What is the use of robots txt file?
The robots.txt file, is a text file that tells web robots (most often search engines) which pages on your site to be shown in search result (crawl).
It also tells web robots which pages not to crawl. Means, we can control what content should be shown to the public from our website by allowing and disallowing content or page in robots.txt file.
What is Web crawler?
A Web crawler, sometimes called a spider, is an Internet bot that systematically browses the World Wide Web, typically for the purpose of Web indexing (web spidering).
Web search engines and some other sites use Web crawling or spidering software to update their web content or indices of others sites’ web content. Web crawlers copy pages for processing by a search engine which indexes the downloaded pages so users can search more efficiently.
When a user searches for a term or keyword, then Search engine like Google sends Internet bots across the world wide web and the Internet bots browses all the website’s content over the world wide web and find results then shows most relevant result to the user. This all process is called Web Crawler.

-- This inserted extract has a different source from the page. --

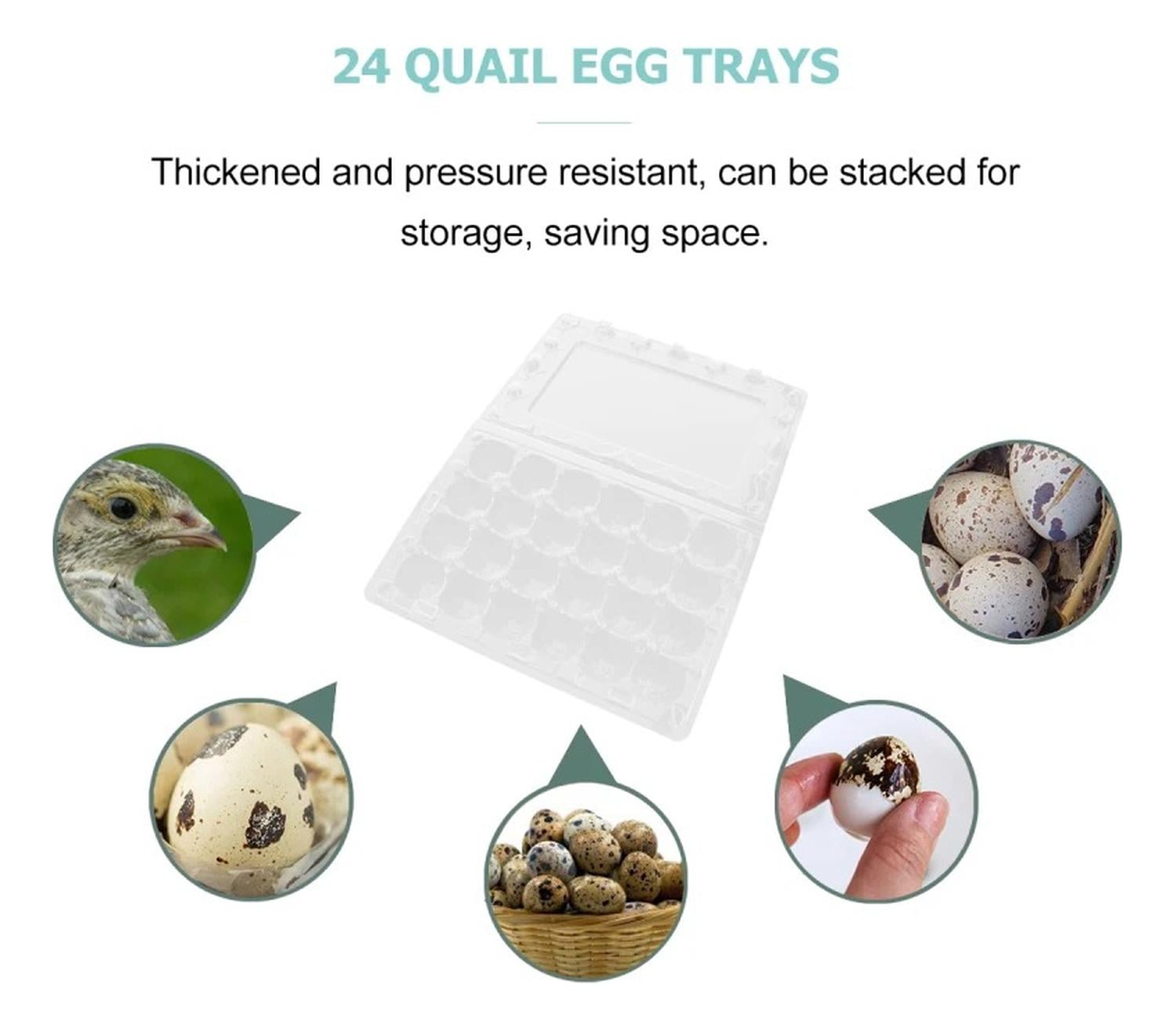PACK 100 CAJAS BANDEJAS DE PLASTICO DE 24 HUEVOS DE CODORNIZ - 7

Optimizing robots.txt for SEO
How you optimize robots.txt all depends on the content you have on your site. There are all kinds of ways to use robots.txt to your advantage.
I’ll go over some of the most common ways to use it.
(Keep in mind that you should not use robots.txt to block pages from search engines. That’s a big no-no.)
One of the best uses of the robots.txt file is to maximize search engines’ crawl budgets by telling them to not crawl the parts of your site that aren’t displayed to the public.
For example, if you visit the robots.txt file for this site (sunilbutolia.com), you’ll see that it disallows the login page (wp-admin).
Since that page is just used for logging into the backend of the site, it wouldn’t make sense for search engine bots to waste their time crawling it.
(If you have WordPress, you can use that same exact disallow line.)